• **WHAT IS NEEDED**
Locate the line bearing "Moosbild MDF RAL" in the material below, then reproduce it and each following line up to and including the line bearing "corn stalk coloring".

◆ ◆ ◆

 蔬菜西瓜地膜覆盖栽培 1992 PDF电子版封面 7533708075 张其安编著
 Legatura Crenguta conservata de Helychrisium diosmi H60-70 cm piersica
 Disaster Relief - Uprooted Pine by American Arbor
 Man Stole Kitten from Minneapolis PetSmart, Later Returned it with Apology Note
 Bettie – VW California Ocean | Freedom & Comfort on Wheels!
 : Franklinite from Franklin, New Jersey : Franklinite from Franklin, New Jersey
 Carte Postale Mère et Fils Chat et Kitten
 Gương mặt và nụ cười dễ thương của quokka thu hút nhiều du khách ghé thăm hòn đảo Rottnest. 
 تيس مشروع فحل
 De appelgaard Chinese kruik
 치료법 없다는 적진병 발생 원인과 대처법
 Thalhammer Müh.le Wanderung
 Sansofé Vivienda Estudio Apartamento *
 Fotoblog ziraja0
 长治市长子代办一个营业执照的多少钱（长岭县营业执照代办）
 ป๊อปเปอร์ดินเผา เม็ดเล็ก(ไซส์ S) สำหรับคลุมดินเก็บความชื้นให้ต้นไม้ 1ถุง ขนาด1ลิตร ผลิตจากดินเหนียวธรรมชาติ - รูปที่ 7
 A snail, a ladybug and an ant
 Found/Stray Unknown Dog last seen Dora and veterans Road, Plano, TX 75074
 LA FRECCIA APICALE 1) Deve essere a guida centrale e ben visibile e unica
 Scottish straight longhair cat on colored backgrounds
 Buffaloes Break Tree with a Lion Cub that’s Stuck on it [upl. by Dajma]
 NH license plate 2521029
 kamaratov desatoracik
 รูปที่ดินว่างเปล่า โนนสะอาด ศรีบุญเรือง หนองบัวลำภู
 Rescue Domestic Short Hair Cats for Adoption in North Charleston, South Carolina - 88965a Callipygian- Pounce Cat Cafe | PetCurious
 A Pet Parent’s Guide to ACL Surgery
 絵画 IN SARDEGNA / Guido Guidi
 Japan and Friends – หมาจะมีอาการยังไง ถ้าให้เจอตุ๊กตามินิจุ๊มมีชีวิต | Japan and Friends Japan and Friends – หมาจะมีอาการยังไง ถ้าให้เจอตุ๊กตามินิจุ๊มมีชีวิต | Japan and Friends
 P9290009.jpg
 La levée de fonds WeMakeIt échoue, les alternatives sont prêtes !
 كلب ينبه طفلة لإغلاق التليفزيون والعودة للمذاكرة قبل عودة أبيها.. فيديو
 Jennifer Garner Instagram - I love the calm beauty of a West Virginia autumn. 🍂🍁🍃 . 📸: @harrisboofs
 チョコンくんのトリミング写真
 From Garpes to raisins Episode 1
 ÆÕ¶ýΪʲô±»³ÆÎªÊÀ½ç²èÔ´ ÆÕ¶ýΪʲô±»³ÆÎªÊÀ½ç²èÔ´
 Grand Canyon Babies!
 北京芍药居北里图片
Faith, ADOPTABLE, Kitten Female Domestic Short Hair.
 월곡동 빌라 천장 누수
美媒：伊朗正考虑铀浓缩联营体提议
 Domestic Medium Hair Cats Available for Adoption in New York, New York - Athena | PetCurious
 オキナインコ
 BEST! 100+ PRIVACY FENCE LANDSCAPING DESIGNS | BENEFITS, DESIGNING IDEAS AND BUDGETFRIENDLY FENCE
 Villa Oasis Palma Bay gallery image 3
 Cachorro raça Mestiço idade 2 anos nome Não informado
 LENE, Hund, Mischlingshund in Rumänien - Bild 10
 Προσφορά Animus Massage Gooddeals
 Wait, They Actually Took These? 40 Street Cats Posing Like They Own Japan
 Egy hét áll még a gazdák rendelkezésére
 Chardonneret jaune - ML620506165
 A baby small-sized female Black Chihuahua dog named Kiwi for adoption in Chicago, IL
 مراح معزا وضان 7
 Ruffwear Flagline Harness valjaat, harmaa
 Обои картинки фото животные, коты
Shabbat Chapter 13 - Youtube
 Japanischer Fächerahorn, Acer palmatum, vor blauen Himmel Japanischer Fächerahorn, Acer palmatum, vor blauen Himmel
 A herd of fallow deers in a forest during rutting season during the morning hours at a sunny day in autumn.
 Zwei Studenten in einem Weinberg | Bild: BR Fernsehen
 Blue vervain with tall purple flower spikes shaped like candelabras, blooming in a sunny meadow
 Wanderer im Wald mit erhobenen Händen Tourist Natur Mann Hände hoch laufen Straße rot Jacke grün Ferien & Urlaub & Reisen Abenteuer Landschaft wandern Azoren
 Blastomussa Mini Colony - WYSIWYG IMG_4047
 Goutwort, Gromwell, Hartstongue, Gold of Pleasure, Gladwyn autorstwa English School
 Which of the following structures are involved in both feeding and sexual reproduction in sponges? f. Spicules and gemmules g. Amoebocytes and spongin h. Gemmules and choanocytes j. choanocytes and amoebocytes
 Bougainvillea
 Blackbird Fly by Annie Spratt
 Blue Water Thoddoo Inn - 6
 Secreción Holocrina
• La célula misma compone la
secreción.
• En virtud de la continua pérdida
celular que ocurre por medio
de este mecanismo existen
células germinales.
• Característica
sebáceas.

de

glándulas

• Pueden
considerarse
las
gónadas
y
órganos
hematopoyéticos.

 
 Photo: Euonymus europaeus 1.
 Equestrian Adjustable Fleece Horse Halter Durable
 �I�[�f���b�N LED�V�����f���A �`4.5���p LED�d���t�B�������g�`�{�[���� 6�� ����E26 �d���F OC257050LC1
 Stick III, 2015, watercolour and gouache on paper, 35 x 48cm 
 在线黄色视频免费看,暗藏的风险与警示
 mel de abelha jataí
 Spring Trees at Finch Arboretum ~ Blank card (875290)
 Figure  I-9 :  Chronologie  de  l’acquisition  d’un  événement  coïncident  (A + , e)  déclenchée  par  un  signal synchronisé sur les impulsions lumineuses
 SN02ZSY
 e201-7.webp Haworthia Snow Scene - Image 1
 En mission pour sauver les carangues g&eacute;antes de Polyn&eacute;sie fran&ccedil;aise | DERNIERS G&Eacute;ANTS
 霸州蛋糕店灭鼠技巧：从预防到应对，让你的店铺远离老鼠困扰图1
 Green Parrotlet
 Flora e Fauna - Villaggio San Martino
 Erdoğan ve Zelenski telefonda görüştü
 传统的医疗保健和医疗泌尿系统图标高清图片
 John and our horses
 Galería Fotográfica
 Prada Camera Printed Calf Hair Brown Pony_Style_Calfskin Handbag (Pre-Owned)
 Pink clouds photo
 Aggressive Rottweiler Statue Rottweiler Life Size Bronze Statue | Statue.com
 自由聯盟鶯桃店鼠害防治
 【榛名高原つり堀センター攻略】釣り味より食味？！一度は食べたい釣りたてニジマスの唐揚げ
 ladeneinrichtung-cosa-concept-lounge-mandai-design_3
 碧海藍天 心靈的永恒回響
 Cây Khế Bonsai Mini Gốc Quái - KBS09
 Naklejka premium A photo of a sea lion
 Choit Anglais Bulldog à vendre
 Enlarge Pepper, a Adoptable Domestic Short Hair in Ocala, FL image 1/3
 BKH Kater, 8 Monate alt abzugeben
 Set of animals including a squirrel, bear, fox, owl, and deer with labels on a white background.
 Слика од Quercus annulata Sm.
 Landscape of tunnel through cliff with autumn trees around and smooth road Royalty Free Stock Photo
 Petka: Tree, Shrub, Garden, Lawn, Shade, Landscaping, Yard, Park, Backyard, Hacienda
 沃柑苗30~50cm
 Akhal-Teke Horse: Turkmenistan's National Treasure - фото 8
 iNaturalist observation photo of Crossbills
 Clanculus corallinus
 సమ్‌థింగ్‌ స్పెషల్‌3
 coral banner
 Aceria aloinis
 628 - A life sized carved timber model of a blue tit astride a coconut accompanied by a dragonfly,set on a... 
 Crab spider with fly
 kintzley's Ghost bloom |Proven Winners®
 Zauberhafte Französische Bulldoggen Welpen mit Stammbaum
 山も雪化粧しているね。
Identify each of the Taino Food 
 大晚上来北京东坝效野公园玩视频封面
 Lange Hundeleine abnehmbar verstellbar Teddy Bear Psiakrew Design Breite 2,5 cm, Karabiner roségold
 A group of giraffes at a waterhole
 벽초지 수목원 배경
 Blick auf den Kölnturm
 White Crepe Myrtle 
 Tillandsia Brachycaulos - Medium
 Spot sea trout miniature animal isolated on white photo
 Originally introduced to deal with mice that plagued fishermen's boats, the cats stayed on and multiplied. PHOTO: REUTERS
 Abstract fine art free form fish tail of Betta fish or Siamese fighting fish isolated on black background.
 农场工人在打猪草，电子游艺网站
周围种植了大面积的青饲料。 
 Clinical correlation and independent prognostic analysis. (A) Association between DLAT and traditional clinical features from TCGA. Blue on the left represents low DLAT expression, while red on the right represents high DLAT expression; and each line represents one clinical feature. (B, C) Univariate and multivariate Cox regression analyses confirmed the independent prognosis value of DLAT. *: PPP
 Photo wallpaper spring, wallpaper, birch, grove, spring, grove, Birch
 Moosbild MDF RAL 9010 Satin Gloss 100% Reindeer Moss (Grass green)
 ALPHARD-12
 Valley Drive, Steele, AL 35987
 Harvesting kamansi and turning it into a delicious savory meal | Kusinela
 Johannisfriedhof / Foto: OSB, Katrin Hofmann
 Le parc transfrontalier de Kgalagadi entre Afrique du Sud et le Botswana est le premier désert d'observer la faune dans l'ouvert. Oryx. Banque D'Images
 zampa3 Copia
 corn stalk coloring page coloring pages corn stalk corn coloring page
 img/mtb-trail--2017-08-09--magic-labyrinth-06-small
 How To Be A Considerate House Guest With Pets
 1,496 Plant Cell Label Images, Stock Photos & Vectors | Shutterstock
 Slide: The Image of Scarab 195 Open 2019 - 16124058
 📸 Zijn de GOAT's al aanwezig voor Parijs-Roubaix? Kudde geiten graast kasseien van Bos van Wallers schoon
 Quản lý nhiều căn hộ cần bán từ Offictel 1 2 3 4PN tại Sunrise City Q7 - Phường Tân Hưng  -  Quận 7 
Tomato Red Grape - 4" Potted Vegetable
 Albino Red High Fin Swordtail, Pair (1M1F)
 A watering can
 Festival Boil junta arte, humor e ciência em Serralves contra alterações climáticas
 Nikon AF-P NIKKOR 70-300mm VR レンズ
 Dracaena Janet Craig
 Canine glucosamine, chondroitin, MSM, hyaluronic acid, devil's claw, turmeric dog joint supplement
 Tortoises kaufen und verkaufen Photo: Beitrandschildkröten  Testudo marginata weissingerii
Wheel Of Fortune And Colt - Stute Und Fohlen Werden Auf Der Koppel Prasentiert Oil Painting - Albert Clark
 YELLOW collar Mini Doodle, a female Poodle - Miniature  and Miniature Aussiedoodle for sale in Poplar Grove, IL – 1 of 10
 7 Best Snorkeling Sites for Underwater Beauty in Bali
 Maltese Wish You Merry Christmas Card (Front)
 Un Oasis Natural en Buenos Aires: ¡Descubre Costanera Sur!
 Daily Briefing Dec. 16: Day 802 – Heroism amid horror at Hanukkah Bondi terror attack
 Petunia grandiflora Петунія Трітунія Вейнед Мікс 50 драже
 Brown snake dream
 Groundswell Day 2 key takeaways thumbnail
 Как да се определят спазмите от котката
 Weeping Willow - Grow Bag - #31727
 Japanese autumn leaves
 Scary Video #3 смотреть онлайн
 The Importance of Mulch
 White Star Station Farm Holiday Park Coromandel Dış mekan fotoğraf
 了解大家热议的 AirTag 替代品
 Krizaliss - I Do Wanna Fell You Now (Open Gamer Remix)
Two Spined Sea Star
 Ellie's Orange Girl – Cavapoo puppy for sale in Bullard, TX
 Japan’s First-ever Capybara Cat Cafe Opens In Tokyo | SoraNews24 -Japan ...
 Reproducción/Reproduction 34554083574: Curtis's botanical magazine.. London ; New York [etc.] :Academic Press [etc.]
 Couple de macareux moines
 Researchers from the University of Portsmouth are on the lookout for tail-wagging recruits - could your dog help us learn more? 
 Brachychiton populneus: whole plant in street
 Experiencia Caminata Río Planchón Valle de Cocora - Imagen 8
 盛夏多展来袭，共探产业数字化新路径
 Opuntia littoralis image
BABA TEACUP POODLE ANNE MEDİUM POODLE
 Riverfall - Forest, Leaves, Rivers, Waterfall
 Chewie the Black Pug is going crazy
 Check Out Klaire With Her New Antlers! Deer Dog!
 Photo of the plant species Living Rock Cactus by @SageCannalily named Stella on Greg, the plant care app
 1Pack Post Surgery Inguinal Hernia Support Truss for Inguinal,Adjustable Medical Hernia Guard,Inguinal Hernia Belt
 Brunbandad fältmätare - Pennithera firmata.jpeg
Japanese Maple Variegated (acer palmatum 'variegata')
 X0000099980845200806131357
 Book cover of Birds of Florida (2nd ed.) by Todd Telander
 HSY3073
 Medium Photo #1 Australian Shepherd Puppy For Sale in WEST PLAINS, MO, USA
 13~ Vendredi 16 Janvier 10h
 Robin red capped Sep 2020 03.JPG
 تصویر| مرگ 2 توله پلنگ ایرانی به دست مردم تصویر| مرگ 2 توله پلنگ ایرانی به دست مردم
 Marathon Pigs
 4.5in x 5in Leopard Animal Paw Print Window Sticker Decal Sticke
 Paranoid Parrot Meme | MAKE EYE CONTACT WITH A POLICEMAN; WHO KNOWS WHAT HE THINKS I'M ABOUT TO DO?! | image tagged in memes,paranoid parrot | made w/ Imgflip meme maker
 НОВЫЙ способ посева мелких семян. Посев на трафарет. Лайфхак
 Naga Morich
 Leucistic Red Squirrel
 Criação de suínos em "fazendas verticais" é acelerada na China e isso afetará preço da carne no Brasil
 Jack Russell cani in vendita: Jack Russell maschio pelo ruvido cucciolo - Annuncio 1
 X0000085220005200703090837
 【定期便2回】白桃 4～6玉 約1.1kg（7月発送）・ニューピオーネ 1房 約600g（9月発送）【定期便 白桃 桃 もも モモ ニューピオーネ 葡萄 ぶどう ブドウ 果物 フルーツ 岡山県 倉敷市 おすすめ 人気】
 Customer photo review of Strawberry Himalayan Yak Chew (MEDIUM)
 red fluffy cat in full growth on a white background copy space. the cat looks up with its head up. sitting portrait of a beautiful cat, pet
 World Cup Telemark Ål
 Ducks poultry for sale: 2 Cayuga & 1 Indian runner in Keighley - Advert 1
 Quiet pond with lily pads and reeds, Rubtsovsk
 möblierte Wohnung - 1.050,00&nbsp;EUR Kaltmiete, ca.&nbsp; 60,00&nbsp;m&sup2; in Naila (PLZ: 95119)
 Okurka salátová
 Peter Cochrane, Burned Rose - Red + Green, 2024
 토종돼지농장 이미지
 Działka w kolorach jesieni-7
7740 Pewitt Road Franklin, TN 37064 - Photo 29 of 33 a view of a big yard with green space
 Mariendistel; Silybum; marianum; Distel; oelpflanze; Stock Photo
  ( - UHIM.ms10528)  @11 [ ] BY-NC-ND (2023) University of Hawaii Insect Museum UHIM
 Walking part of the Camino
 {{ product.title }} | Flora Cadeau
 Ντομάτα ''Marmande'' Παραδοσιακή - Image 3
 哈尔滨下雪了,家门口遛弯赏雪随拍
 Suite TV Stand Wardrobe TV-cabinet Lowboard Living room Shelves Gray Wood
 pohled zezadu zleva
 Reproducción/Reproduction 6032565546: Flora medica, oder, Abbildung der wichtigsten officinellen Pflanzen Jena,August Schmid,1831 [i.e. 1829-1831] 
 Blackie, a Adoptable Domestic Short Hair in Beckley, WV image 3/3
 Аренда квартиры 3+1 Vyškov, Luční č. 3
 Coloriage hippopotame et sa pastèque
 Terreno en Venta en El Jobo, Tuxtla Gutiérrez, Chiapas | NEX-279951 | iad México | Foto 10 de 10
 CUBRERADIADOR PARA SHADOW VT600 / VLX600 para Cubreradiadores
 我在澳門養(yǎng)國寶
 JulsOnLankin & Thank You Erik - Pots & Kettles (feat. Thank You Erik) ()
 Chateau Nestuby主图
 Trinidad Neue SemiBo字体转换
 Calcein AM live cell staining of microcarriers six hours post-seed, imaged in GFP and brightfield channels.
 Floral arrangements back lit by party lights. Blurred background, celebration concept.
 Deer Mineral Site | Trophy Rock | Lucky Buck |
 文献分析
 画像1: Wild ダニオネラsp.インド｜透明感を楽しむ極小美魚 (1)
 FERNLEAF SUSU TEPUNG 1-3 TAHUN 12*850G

◆ ◆ ◆

• **RESPONSE TO THE TASK**
 Moosbild MDF RAL 9010 Satin Gloss 100% Reindeer Moss (Grass green)
 ALPHARD-12
 Valley Drive, Steele, AL 35987
 Harvesting kamansi and turning it into a delicious savory meal | Kusinela
 Johannisfriedhof / Foto: OSB, Katrin Hofmann
 Le parc transfrontalier de Kgalagadi entre Afrique du Sud et le Botswana est le premier désert d'observer la faune dans l'ouvert. Oryx. Banque D'Images
 zampa3 Copia
 corn stalk coloring page coloring pages corn stalk corn coloring page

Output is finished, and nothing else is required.